Karl-Thomas Neumann, who is the Chairman of the Board of Continental, said that over the past few months with the Schaeffler Group had a very constructive negotiation. Neumann wants to ensure the integrity of the Continental if two companies combine. There was news that the tire and non-tire rubber tires may be spin-off business when the Continental Schaeffler wanted to holding the Continental.

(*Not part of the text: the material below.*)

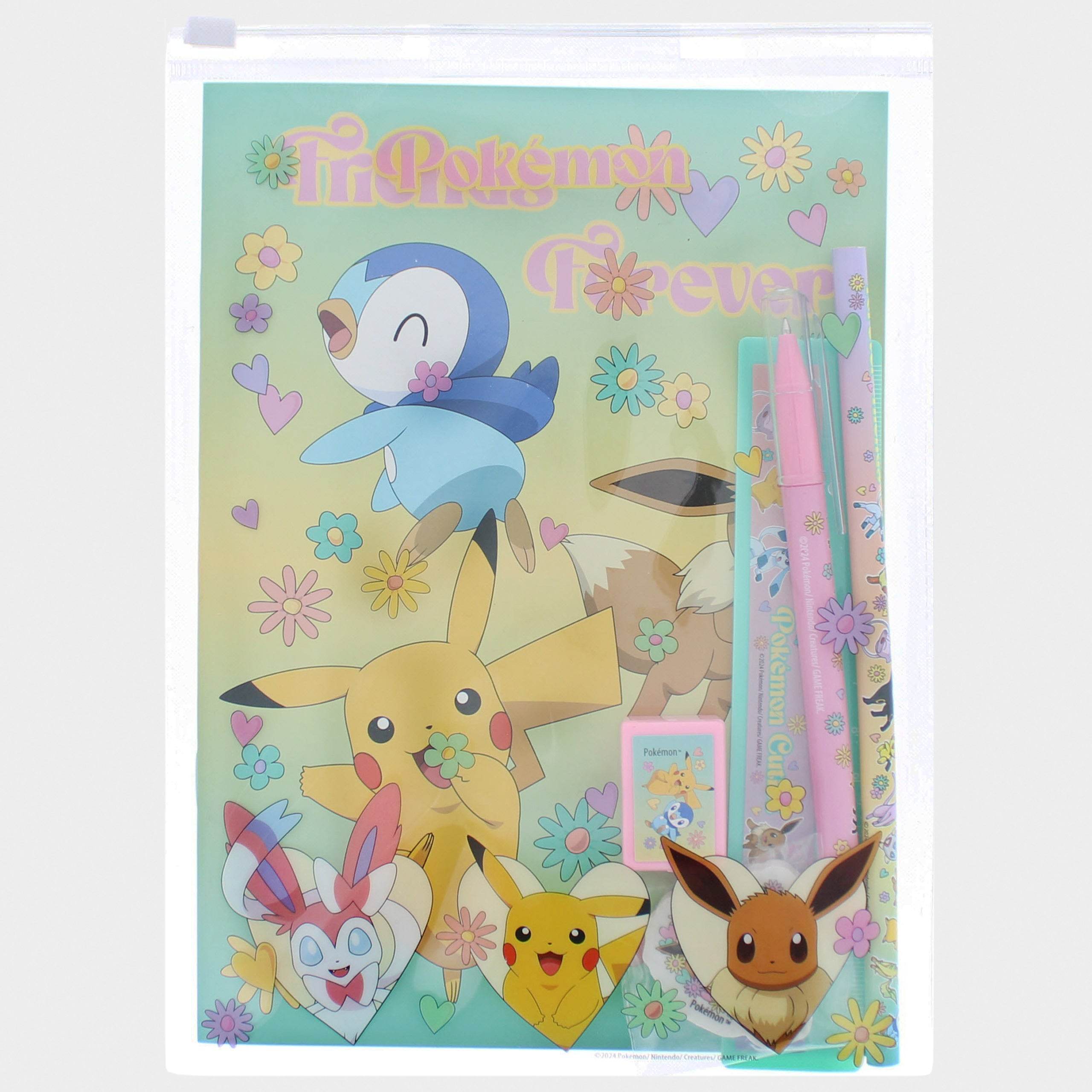 Pokémon “Forever Friends” Pastel Super Stationery Set - Character.com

“If do the merger, the advantage in the electrical connection of Schaeffler and the electronic and software systems of Continental will be a very beautiful complementation. The non-tire rubber tires of Continental and the Industrial business of Schaeffler are also good for achieving the balance between automotive and non-automotive after combining.” Neumann said, "Now there are a lot of uncertainties, and the merger is at the stage of considering. We will make great efforts to estimate the feasibility of merger whether it would take more value to creditor and stockholder. At the same time, we may keep the status of listed companies.” In a word, Neumann also keeps the optimism.

But not long ago, the Morgan Stanley who Group’s rating to Continental from “reduce” to “neutral” is not very optimistic about the merger of the two sides and think its risk very great. “It greatly exceeded the scope of the business logic”; but also known as “Continental is more favorable to Schaeffler. It have rights to decide the merger according to own situation.”